Su un’isola dell’Oceano Indiano, vive un uccello chiamato rallo di Aldabra. È marrone, grande come un pollo e non sa volare. Circa 136.000 anni fa, i suoi antenati, i ralli del Madagascar, volarono ad Aldabra e trovarono un paradiso libero da predatori. Così, si sono evoluti in versioni incapaci di volare. Perché sprecare sforzi ed energie nel volare quando non serve?
Poi arrivò un’alluvione catastrofica. L’isola sprofondò sott’acqua. I ralli non sapevano volare e non sapevano nuotare. Si estinsero. Quando i mari si ritirarono, accadde qualcosa di inquietante. Altri ralli tornarono dal Madagascar, facendo lo stesso percorso. E la storia si ripeté. I ralli persero la capacità di volare e rimasero sull’isola. Gli scienziati che studiano i fossili hanno confermato che non si trattava semplicemente di un uccello simile che faceva una cosa simile. Si trattava della stessa stirpe, che si era evoluta in un uccello pressoché identico.

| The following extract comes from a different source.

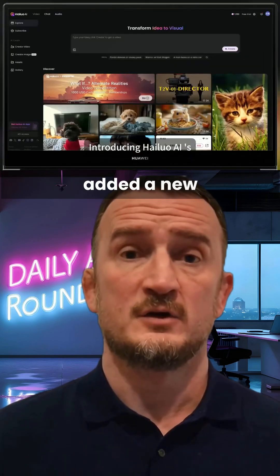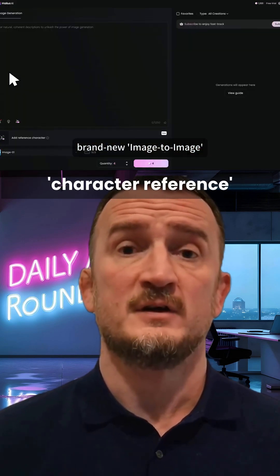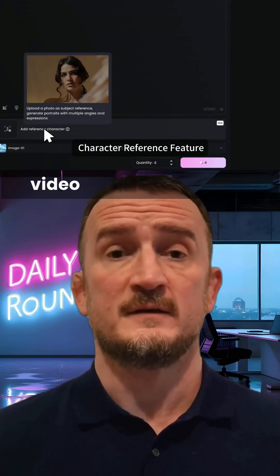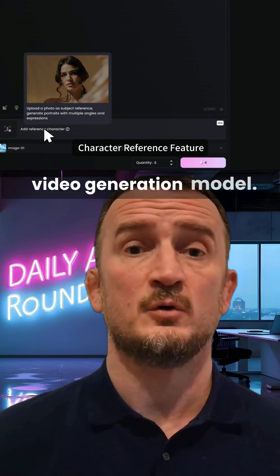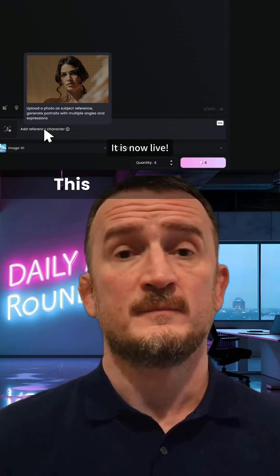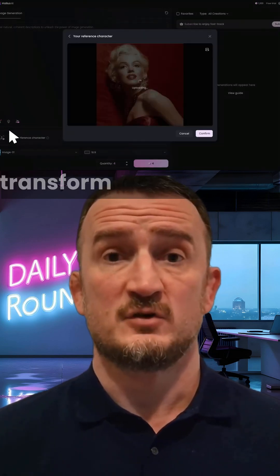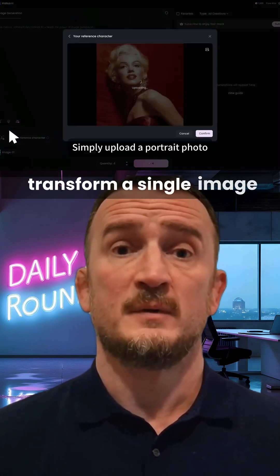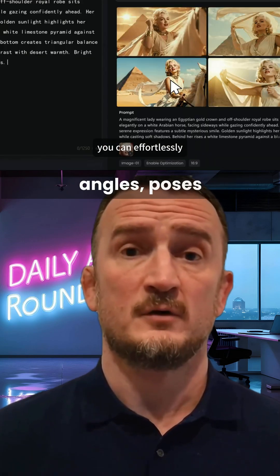And finally, Hilo has added a new character reference feature to its video generation model. This allows users to transform a single image into dynamic characters with adjustable angles, poses, and cinematic lighting.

Che c’entrano i ralli con gli esseri umani

Questo è ciò che i biologi chiamano “evoluzione iterativa”, ovvero quando l’evoluzione si ripete sempre nello stesso modo. Ma cosa accadrebbe se gli esseri umani si estinguessero? Potrebbero ri-evolversi? L’evoluzione seleziona geni che meglio si adattano a un ambiente. Quindi è logico che nel corso di miliardi di anni si ripresentino gli stessi tratti. Se osserviamo le cose su scale temporali molto grandi, l’ambiente mondiale oscilla tra estremi: freddo e umido, poi caldo e secco. Un’era glaciale porta allo scioglimento dei ghiacci. Ergo, le specie del mondo odierno sono le più adatte all’ambiente che abbiamo attualmente sulla Terra.
Quanto siamo rari
Il paleontologo Simon Conway Morris sostiene che l’emergere di una “forma di vita intelligente e autocosciente” è il risultato dei processi evolutivi. L’evoluzione, sostiene, non è casuale: è plasmata da profondi modelli strutturali che portano a risultati ricorrenti, anche complessi come menti capaci di pensare. È improbabile che l’intervento umano – da solo – possa eliminare ogni forma di vita sulla Terra. E questa è una buona cosa. D’altronde ci sono voluti circa quattro miliardi e mezzo di anni per arrivare al punto in cui ci troviamo ora e la Terra probabilmente ha solo circa 500 milioni di anni per la vita complessa, prima che faccia troppo caldo.